YouTube is rolling out a new AI-powered feature called “Super Resolution,” designed to enhance the viewing quality of older or lower-resolution videos on its platform. The feature uses artificial intelligence to upscale videos originally uploaded in standard definition or below 1080p, generating higher-resolution versions that can reach up to 4K in the future.
According to YouTube, the process is fully automated and aims to make older or compressed videos appear sharper and more detailed without requiring creators to re-upload or edit their content. However, the company notes that creators will retain control over their libraries, with the option to opt out of the enhancement. Viewers will also have the choice to watch either the original upload or the AI-enhanced version, both of which will be clearly labeled in video settings.

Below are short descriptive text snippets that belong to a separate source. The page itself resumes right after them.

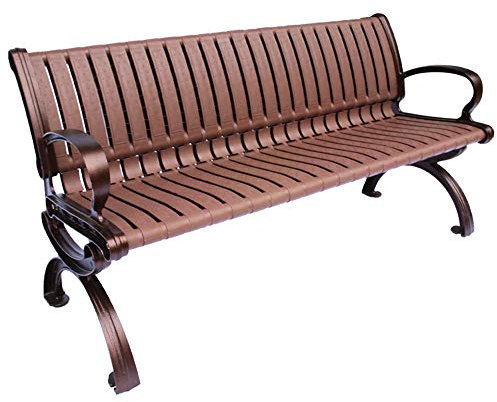 Park Garden Terrace Bänk Utomhusfritidsbänk, väderbeständig uteplatsbänk med gjutjärnsram och PVC-plast, Dekorativ bänk för veranda gräsmatta med ryggstöd och armstöd, 2-3-sits bänk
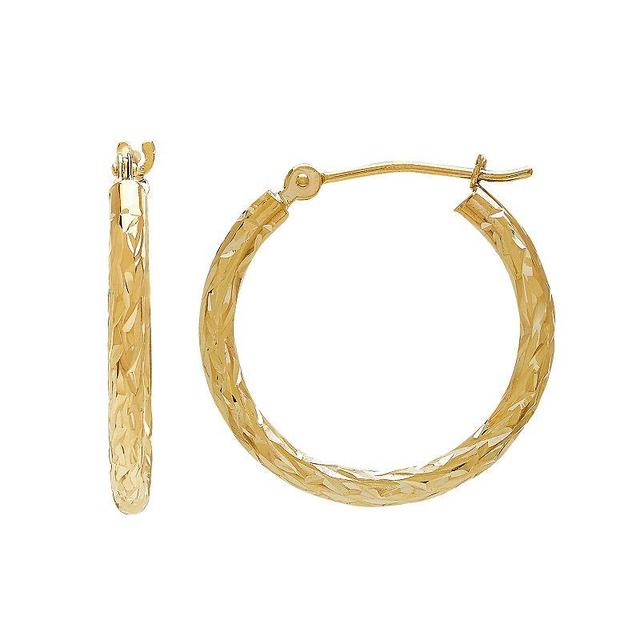 Everlasting Gold 14k Gold Textured Hoop Earrings, Womens Product Image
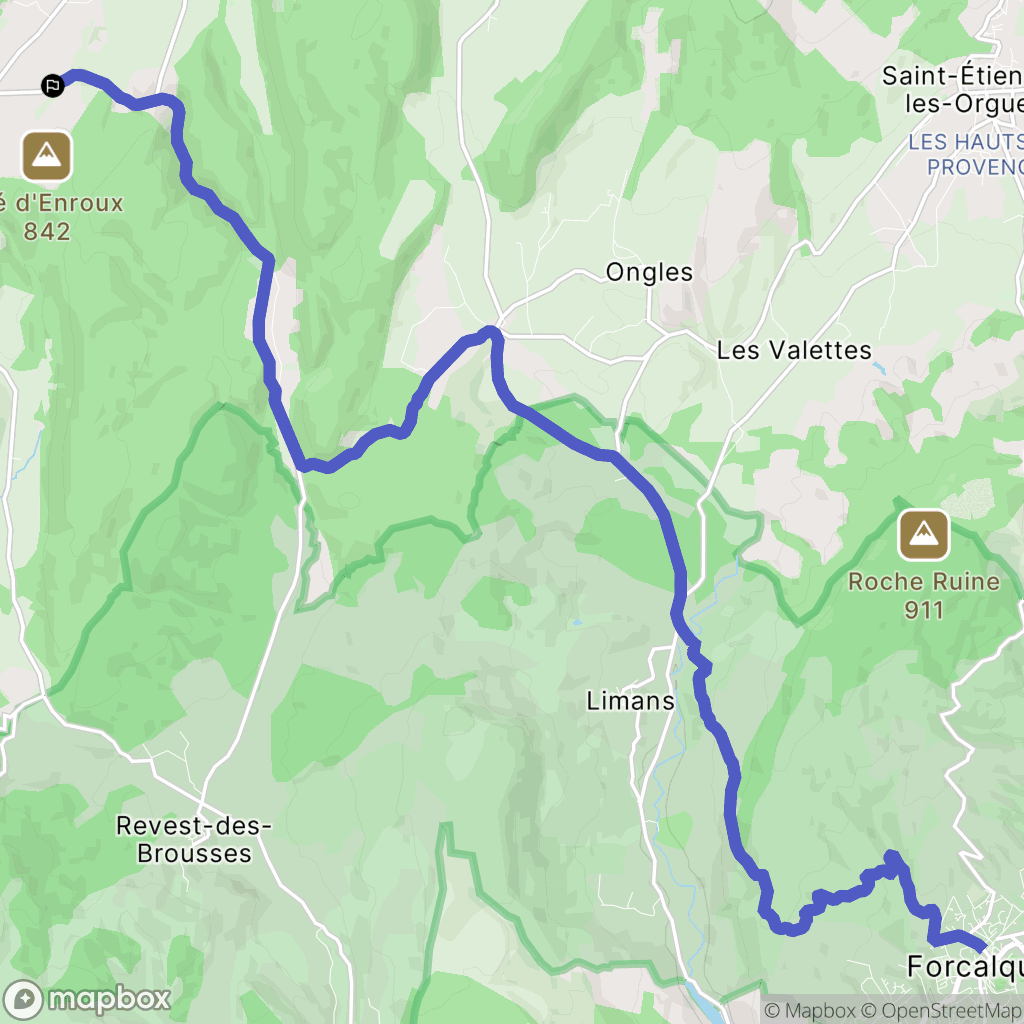 Banon : carte du parcours de randonnée - France
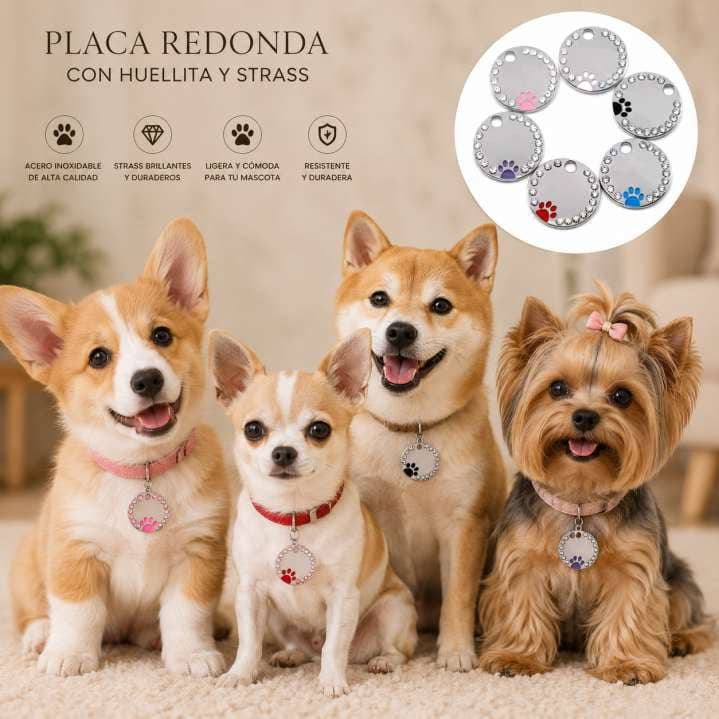 PLACA REDONDA HUELLA DIAMANTE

The addition of AI-driven upscaling marks YouTube’s latest step in applying machine learning to improve content quality across its vast video archive. While many streaming services already use adaptive bitrate technologies to improve playback quality, YouTube’s “Super Resolution” goes further by reconstructing visual details in older or lower-quality uploads rather than simply adjusting streaming compression. This could be particularly useful for legacy content, such as videos from the early days of YouTube or uploads recorded on low-resolution cameras, which often struggle to maintain clarity on modern high-resolution displays.
Alongside “Super Resolution,” YouTube is also rolling out a series of updates to its platform. These include enhanced TV features such as “immersive” homepage previews and a more contextual search tool that shows results within specific channels. Additionally, videos featuring shopping links will now include QR codes, allowing users to scan and explore products directly on their phones.
The shift toward AI-enhanced video is part of a broader trend across the tech industry, where companies are leveraging neural networks to refine visuals, restore old footage, or reduce the need for manual editing. For YouTube, this could also improve overall watch time and user satisfaction, particularly on larger screens where video quality is more noticeable.
However, the effectiveness of AI upscaling will likely depend on how well YouTube’s algorithms preserve natural detail without introducing artifacts or distortions—a challenge even specialized software faces. Early adopters will be watching closely to see how “Super Resolution” performs in practice, especially compared to traditional upscaling tools already available to creators.